- Opening Delimiter -

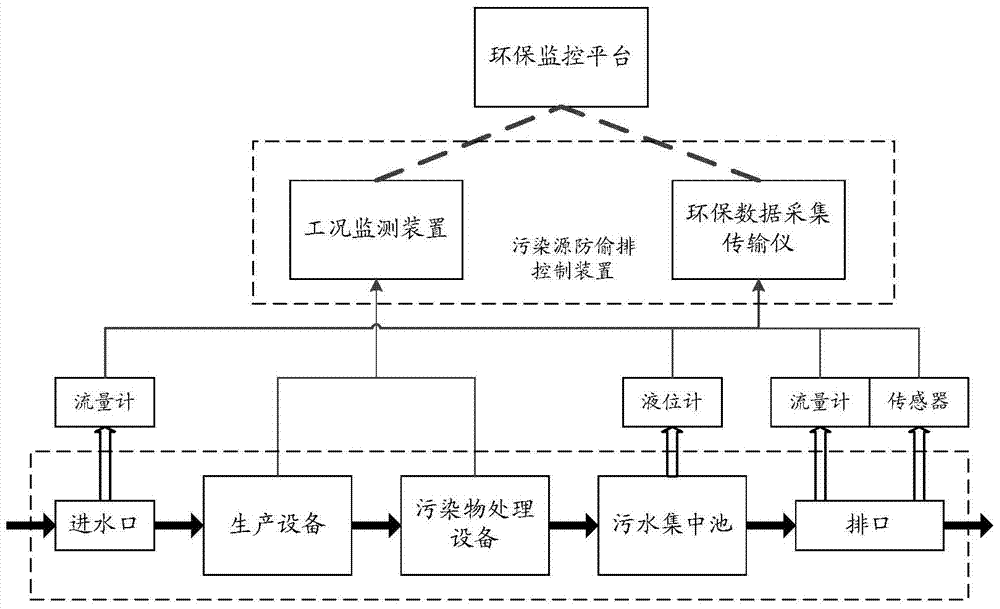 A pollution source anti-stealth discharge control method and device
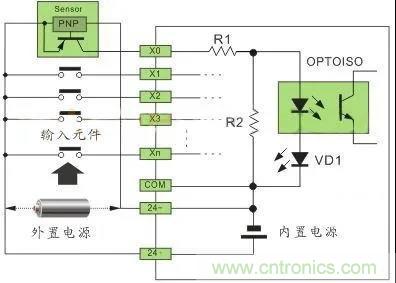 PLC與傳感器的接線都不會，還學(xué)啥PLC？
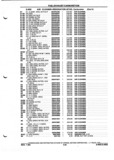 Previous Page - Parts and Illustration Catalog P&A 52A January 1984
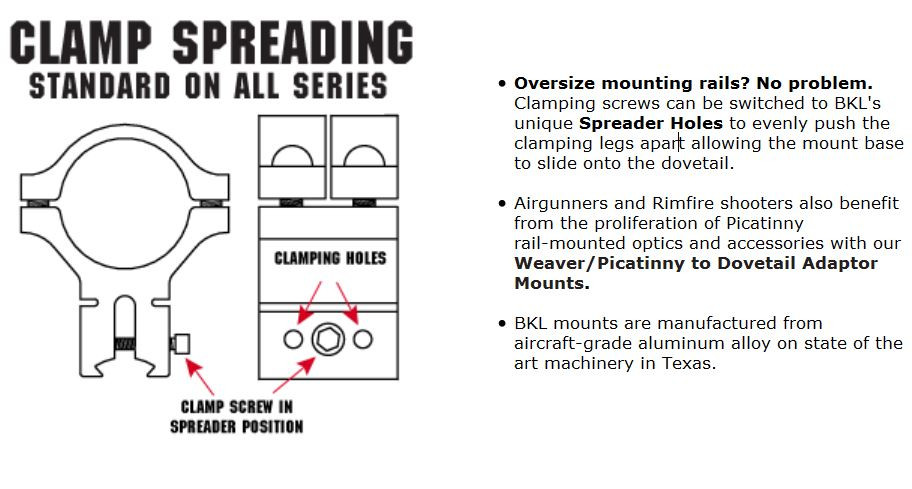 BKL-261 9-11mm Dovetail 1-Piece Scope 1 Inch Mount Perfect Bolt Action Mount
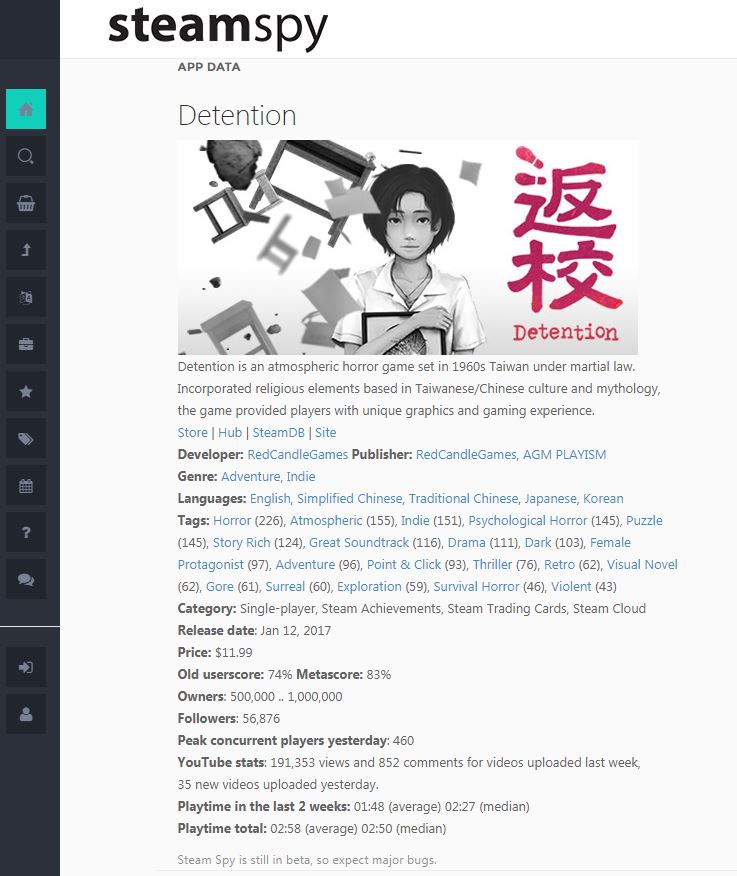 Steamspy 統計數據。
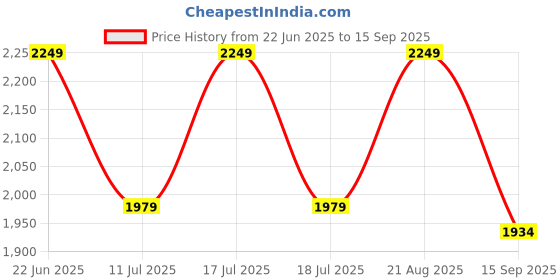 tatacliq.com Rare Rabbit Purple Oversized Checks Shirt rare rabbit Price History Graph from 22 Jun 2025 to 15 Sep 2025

- Closing Delimiter -

(Problem requirements): Would you please print only the lines running from the one with "BKL-261 9-11mm Dovetail" to the final line of the entries above, exactly as written and without pictures?

(Answer section):
 BKL-261 9-11mm Dovetail 1-Piece Scope 1 Inch Mount Perfect Bolt Action Mount
 Steamspy 統計數據。
 tatacliq.com Rare Rabbit Purple Oversized Checks Shirt rare rabbit Price History Graph from 22 Jun 2025 to 15 Sep 2025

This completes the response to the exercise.